By Jeff Mason and David Brunnstrom
UNITED NATIONS (Reuters) – U.S. President Donald Trump said on Monday he expected a second summit with North Korean leader Kim Jong Un to be announced “pretty soon” but that the location had yet to be determined.
Trump, during a meeting with South Korean President Moon Jae-in at the United Nations, said: “Chairman Kim has been really very open and terrific, frankly. I think he wants to see something happen.”
Moon met with Kim for a third time last week. He said brought Trump a personal message from the North Korean leader saying he was hoping to meet with the U.S. president again soon.
Trump and Kim met for an unprecedented summit on June 12, and Trump has been keen on a second meeting, even though some U.S. officials and most analysts say Pyongyang has yet to show it is prepared to give up a nuclear arsenal that threatens the United States.
U.S. Secretary of State Mike Pompeo told a news briefing earlier on Monday he hoped to travel back to North Korea before the end of the year to make final preparations for a second summit, which he said he was “confident” would happen.
“I expect I’ll be traveling to Pyongyang before too long,” he said.
Asked if that would be before the end of the year, he replied: “Yes. Lord willing, I’ll be traveling before the end of the year.”

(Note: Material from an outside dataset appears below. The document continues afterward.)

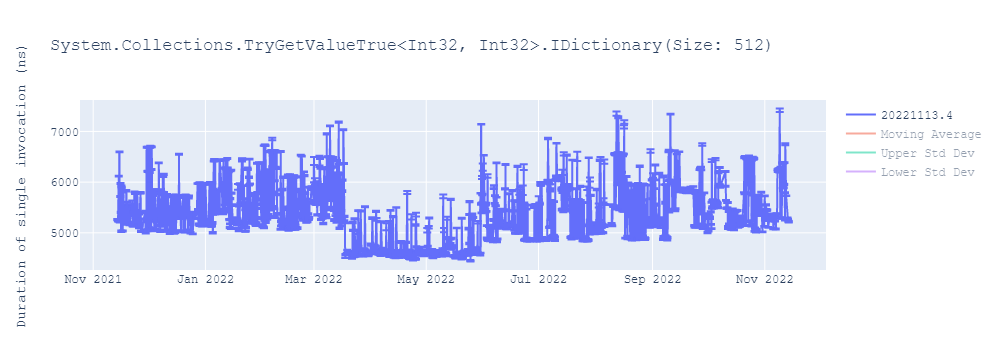 graph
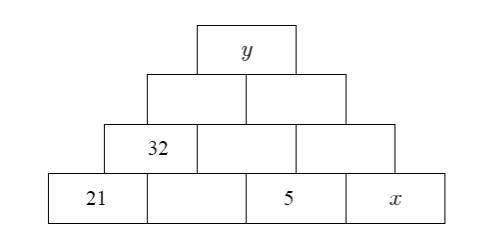 the number in each block is the sum of the numbers in the two blocks beneath it. Some of the number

Pompeo said he was optimistic that Kim would deliver on his pledge to denuclearize, but this would take time.
“We’re bringing the two senior leaders, the individuals who can actually make the decisions that will move this process forward, bring them together so we can continue to make progress towards what the U.N. Security Council has demanded and what Chairman Kim has promised he would do.
“That’s the effort. There remains work to be done. There will be some time before we get to complete denuclearization for sure.”
At last week’s meeting with Moon, Kim promised to dismantle a missile site and also a nuclear complex – if the United States took “corresponding action.”
However, while appearing to set a positive tone, the commitments fell far short of Washington’s demands for a complete inventory of North Korea’s weapons programs and irreversible steps toward denuclearization.
The mood though is sharply changed from that at last year’s U.N. General Assembly, when Trump threatened to “totally destroy” North Korea and mocked the North Korean leader as “Rocket Man” on a “suicide mission.”
North Korea’s representative to the meeting, Foreign Minister Ri Yong Ho, responded to Trump’s U.N. remarks last year by calling them “the sound of a dog barking” and warning that North Korea could detonate a hydrogen bomb over the Pacific.
Pompeo has proposed a meeting with Ri at the General Assembly this week. U.S. ambassador to the United Nations Nikki Haley said last week the two had agreed to meet but said the meeting could take place later.